Short descriptive text snippets:
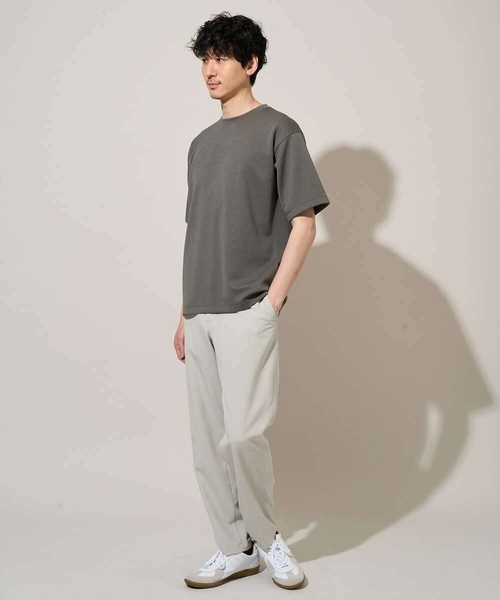 a.v.v(アーヴェヴェ)の「【接触冷感/イージーケア/洗濯機で洗える】フォーマルジャカードセミワイドシルエットカットソー(Tシャツ/カットソー・メンズ・ホワイト/チャコールグレー/ブラック・48/50/46)」の8枚目の写真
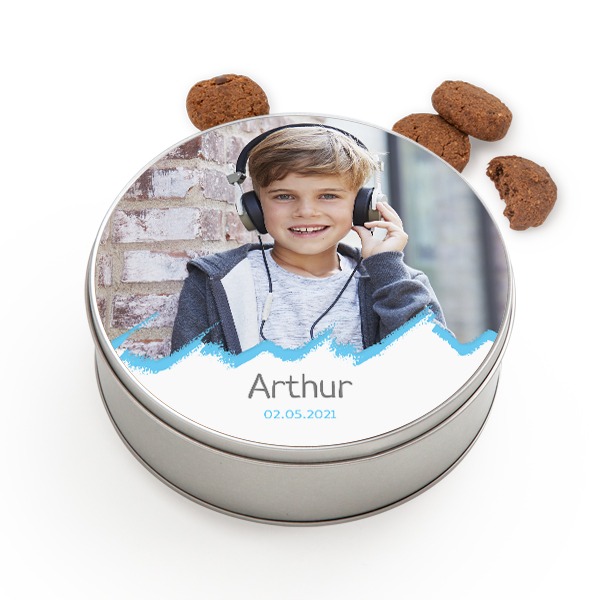 Cookie Tin Round with Generous cookies Cookie Tin Round with Generous cookies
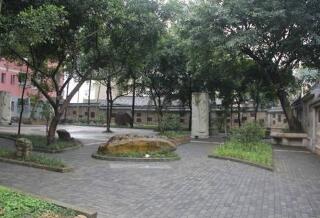 沾益縣沾益鄉(xiāng)龍華中學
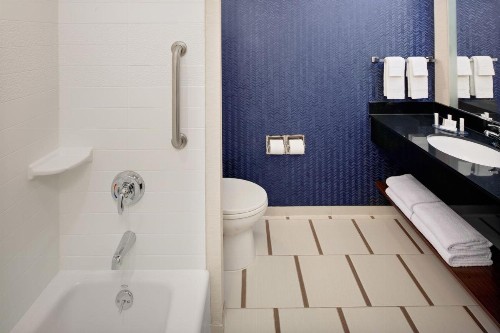 Fairfield Inn & Suites New York Manhattan/Downtown East - image 18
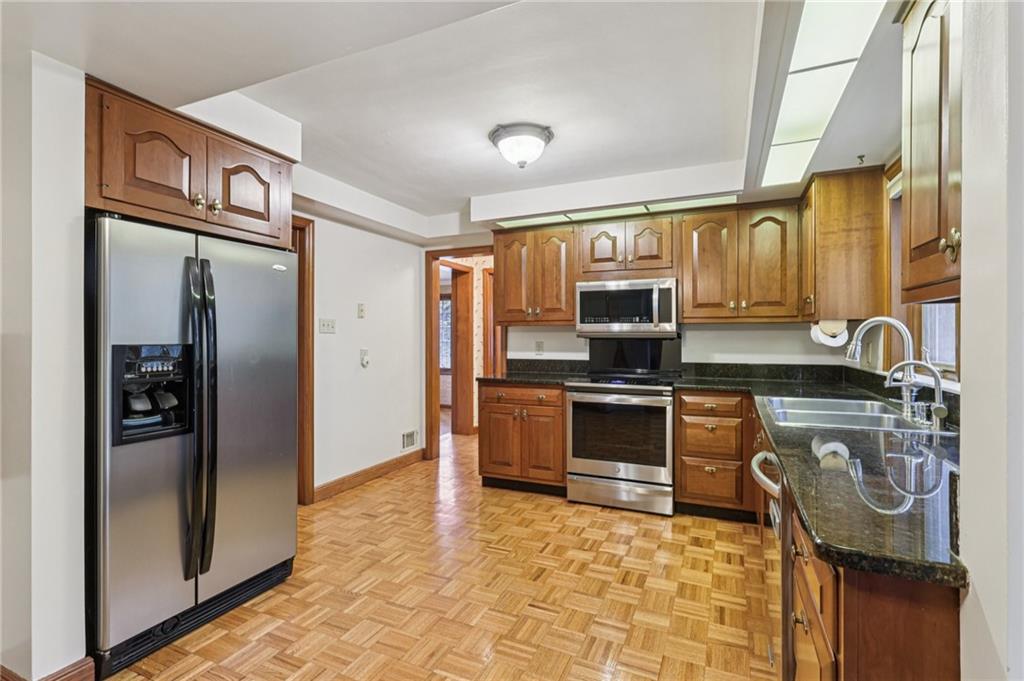 12 Holland Road Pittsburgh, PA 15235 - Photo 12 of 48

Exercise requirements: Write out the data again word for word, minus any images.

Your response:
 a.v.v(アーヴェヴェ)の「【接触冷感/イージーケア/洗濯機で洗える】フォーマルジャカードセミワイドシルエットカットソー(Tシャツ/カットソー・メンズ・ホワイト/チャコールグレー/ブラック・48/50/46)」の8枚目の写真
 Cookie Tin Round with Generous cookies Cookie Tin Round with Generous cookies
 沾益縣沾益鄉(xiāng)龍華中學
 Fairfield Inn & Suites New York Manhattan/Downtown East - image 18
 12 Holland Road Pittsburgh, PA 15235 - Photo 12 of 48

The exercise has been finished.